The WiFi installation on Terrapin. The Netgear 4G modem is on the right and the Netgear router is on the left.

A closeup of the installation showing the WiFi/cellular switch on the right and the POE injector for the Bullet on the left.

Configuring a boat WiFi network

Update March 17, 2018

New helm seat

Awesome chart plotter

We started our 6 week Spring sailing adventure about a week ago and spent the last week at Fisherman’s Village Marina.  I finished a bunch of upgrades that have been ongoing on Terrapin since I bought her last May.  The most important is the modernizing of the electronics and navigation systems. This includes a new chartplotter mounted at the helm.  It is a so-called multifunction display which means it can process and display data from any device connected to it; wind direction, wind speed, AIS, compass heading, rudder angle, autopilot control, GPS position, and of course the chart showing where we are.  This is all made possible by a new industry standard connectivity called NMEA 2000.  There is a single cable (backbone) running down the mast from the wind speed/direction sensor all the way to the stern of the boat. Each device is then connected to the backbone with a T connector and a short “drop cable”.  The result is that every device has access to all the data in the system.  Laura calls it the spinal cord, a good analogy!  Well, I spent about 5 days hooking it all up and surprise, surprise, it all worked! I also installed a new helm seat raised up about 5 inches so we have a better view, a new toilet pump, and a bunch of other minor items.  We also had a visit from Mack Sails to adjust the rigging.  The original head stay was supposed to be adjustable and somewhere along the line, a fixed length stay was installed.  This meant you could not adjust the tension, and thus the angle of the mast.  Mack Sails, who installed our new sails last November, came out and added a turnbuckle to the head stay and helped get the rigging adjusted properly.  I can’t wait to sail her, there should be a big improvement.

Prop Pitch Matters

Terrapin prop after re-pitching

When you run a boat under power, the prop size and pitch needs to be matched to the maximum speed of the boat as well as the maximum rated RPM of the engine.  In other words, at wide open throttle (WOT), the boat should reach its maximum (comfortable) cruising speed and the engine should be operating at its rated maximum RPM.
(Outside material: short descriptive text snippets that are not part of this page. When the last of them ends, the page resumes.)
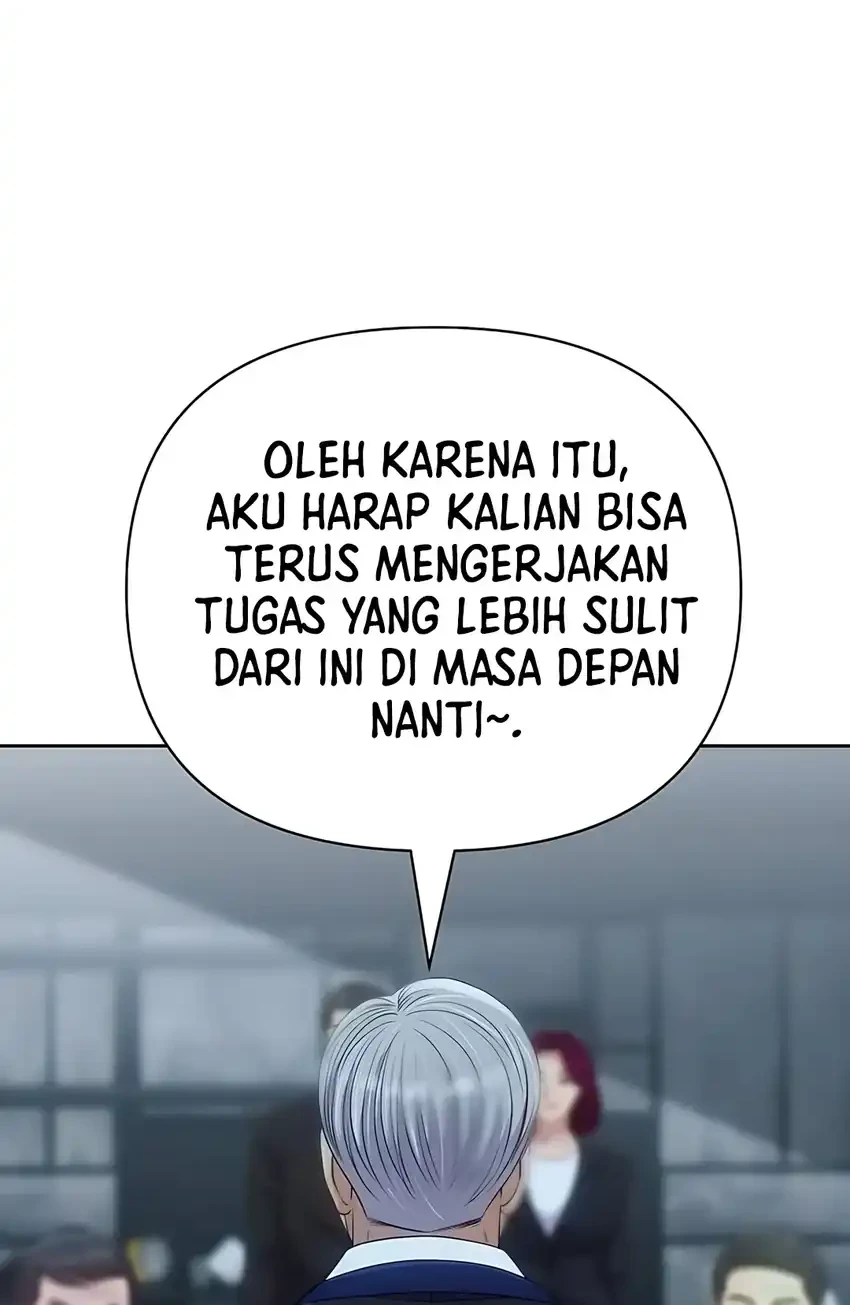 Chapter 128 - halaman 14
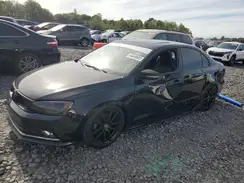 3VWD17AJ4JM225614 2018 VOLKSWAGEN JETTA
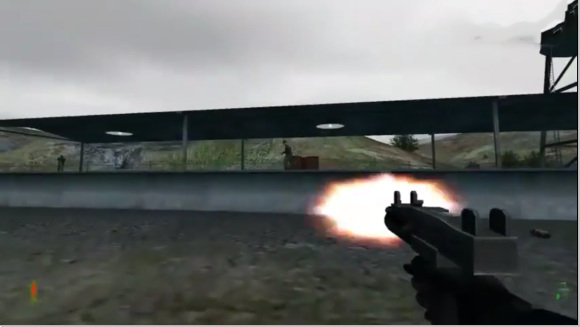 秘密潜入701第七关怎么过 秘密潜入701突破第七关攻略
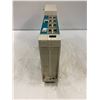 Image 3 : Mitsubishi # MDS-C1-V2-3520S Servo Amplifier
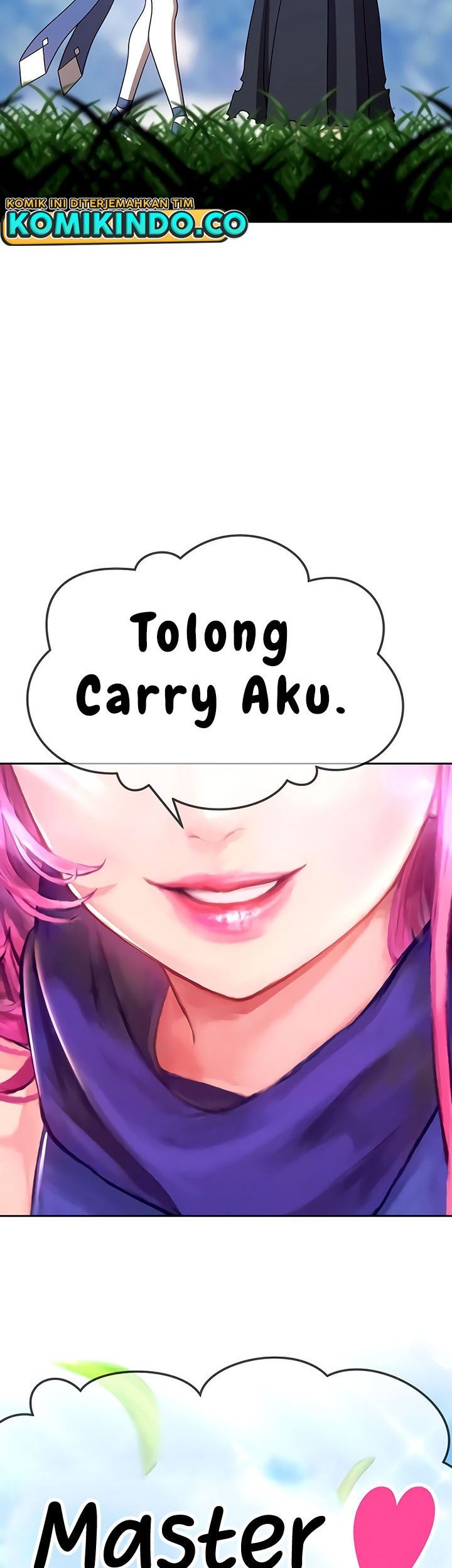 Chapter 20 - halaman 217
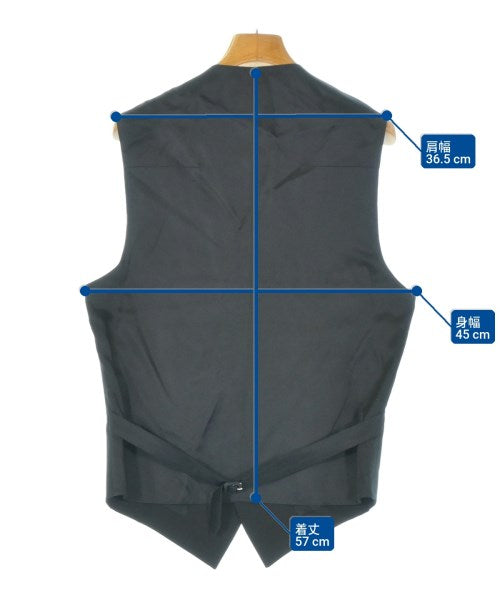 Dior Homme 休閒襯衫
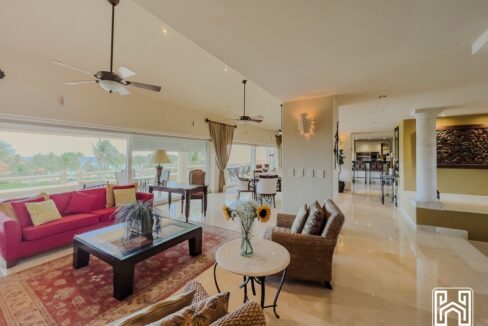 19PH VILLA DEL MAR31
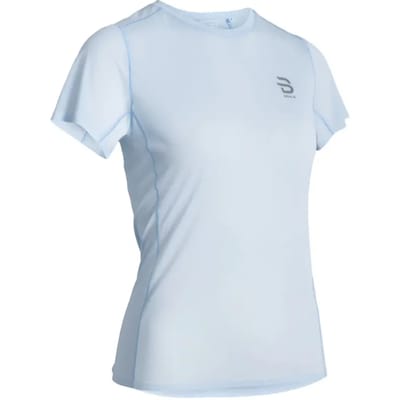 Damestrui Daehlie Sportswear Air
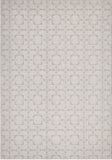 Prague Niko Silver Rugs by Rug Culture-300X200CM - RECTANGLE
Our PDQ 32 LRC has two Yanmar 2GM20f Diesel engines, each rated at 18hp at a maximum RPM of 3600.  So, at WOT, the engines should be able to operate at about 3600 RPM and the boat should reach a speed of about 7 knots.

When we bought the boat, she had upgraded 3 blade props (considered more efficient and smoother than the stock two bladed props).  However, when motoring on smooth water, the engines would only achieve 2800 RPM at WOT.  In addition, there was smoke in the exhaust indicating the engines were laboring too hard.  The analogy would be driving a car up a hill in 4th gear.  The car would go, but the engine would be lugging and operating at a suboptimal RPM. If you downshift, the RPM goes up, you have more horsepower, and the car runs more smoothly.  The term for this in boats is being over-propped. This is due to the pitch of the prop being too steep.

Fortunately, there are propeller specialist shops that can re-pitch props and they have sophisticated computer programs to determine the optimum prop pitch based on your boat, transmission and engine.  I used Coastal Props in Fort Meyers.  The existing props were 15” in diameter with a pitch of 12. After consulting with Coastal Props they ran the info through their program and decided that the pitch needed to be reduced to 9. I removed the props when the boat was on the hard, sent them to Coastal Props and they re-pitched, balanced and polished the props for $135.00 each, a bargain.

The improvement in engine performance was dramatic. I can now get almost 3600 RPM at WOT and comfortably cruise at 3200 rpm, much closer to the peak HP of the engines. The engines run much more smoothly and no more smoke! Diesel engines also need to periodically be run at their max rated RPM to burn off carbon from the valves and exhaust. The re-pitched props now allow me to do this.  Thus, for a small investment, I believe I have greatly increased the life of the diesels on Terrapin.